- Church: Catholic Church
- Archdiocese: Archdiocese of Kaduna
- Appointed: 16 November 2007
- Predecessor: Peter Yariyok Jatau
- Previous post: Bishop of Maiduguri (2003-2007)

Orders
- Ordination: 4 October 1986
- Consecration: 1 May 2003 by Patrick Francis Sheehan

Personal details
- Born: 3 January 1960 (age 66)

= Matthew Man-Oso Ndagoso =

Nigerian catholic archbishop

Matthew Man-Oso Ndagoso (born 3 January 1960) is a Nigerian Catholic prelate who has served as the Archbishop of the Archdiocese of Kaduna since 16 November 2007. He was formerly the bishop of Maiduguri from 2003 to 2007. On 24th February 2026, he was elected the president of the Catholic Bishops' Conference of Nigeria.

==Biography==
After studying philosophy and theology at the Pontifical University of Saint Thomas Aquinas, he was ordained a priest on 4 October 1986. He became the administrator of Cathedral of Yola and the diocese's education secretary.
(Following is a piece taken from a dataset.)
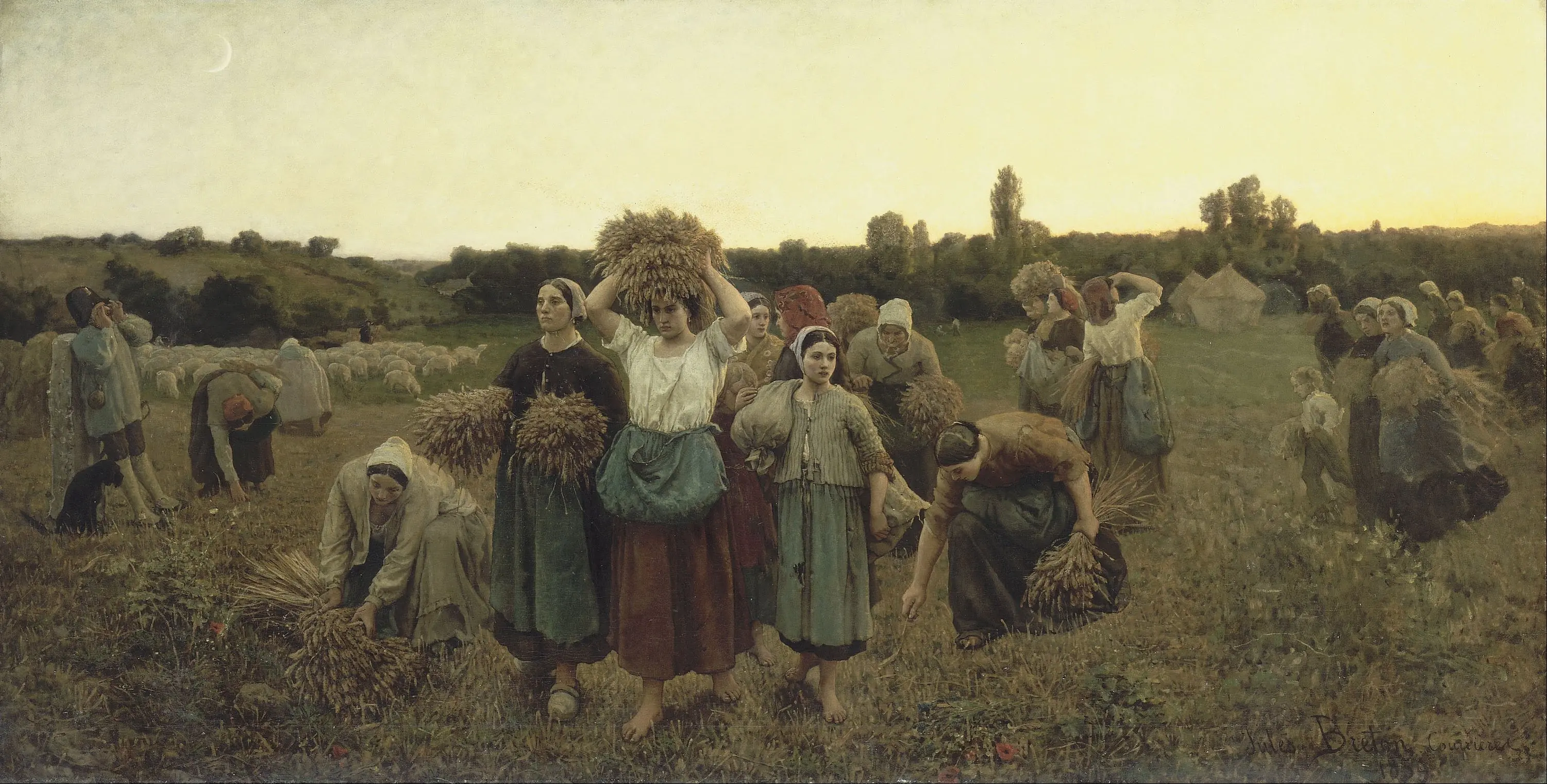 campesina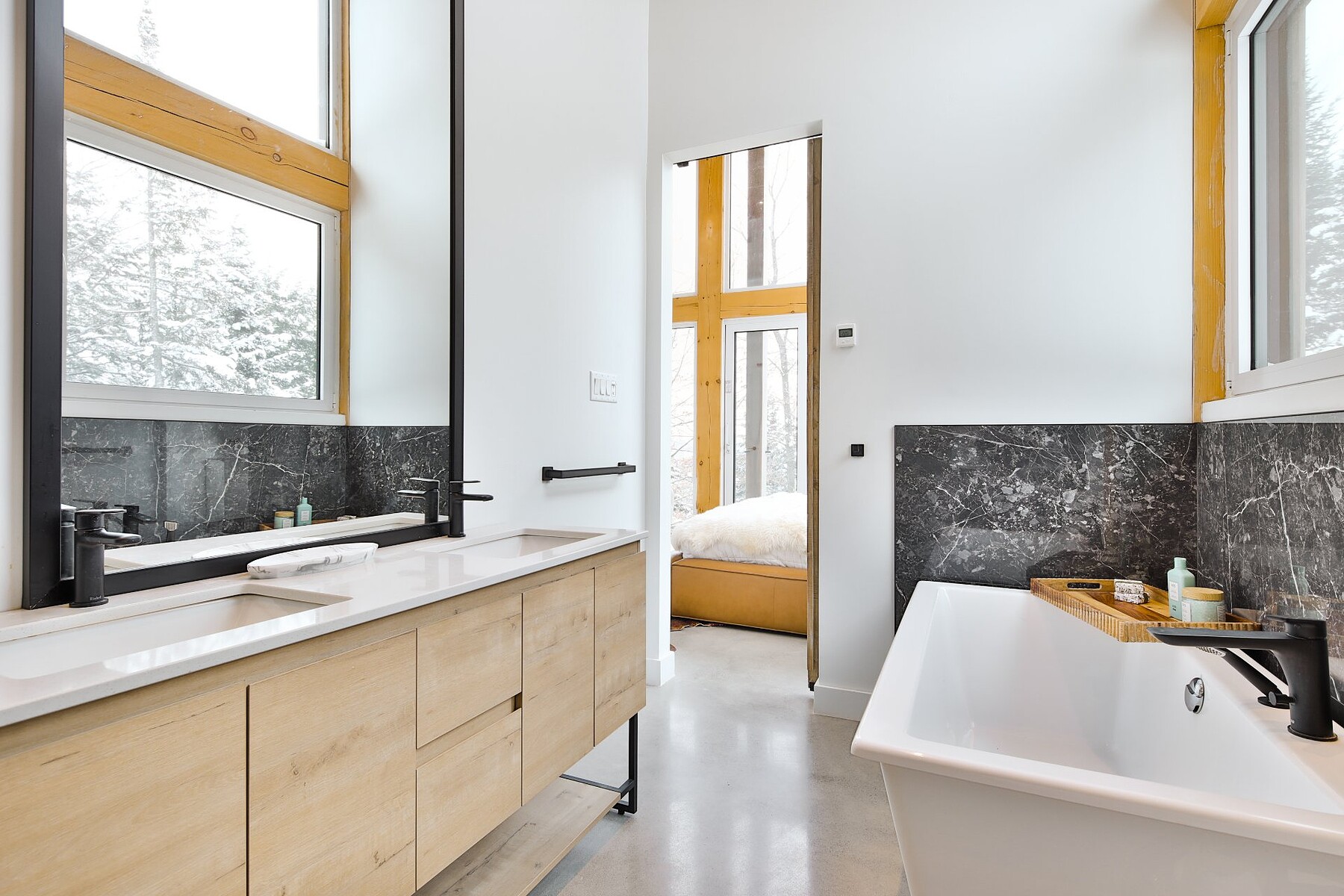  Wentworth-Nord, Laurentides - 物件實景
He became the rector of the Kaduna archdiocese major seminary. On 6 February 2003, Pope John Paul II appointed him as the bishop of the diocese of Maiduguri. He received his episcopal ordination on 1 March 2003 from Patrick Francis Sheehan of the diocese of Kano. Co-consecrators include Christopher Shaman Abba of the diocese of Yola and bishop Senan Louis O'Donnell, the diocese of Maiduguri bishop emeritus. On 16 November 2007, Pope Benedict XVI appointed him archbishop of Kaduna archdiocese. He received his pallium on 29 June 2008. He participated in the XIV Ordinary General Assembly of the Synod of Bishops in 2015 on the theme "The Vocation and Mission of the Family in the Church and in the Contemporary World".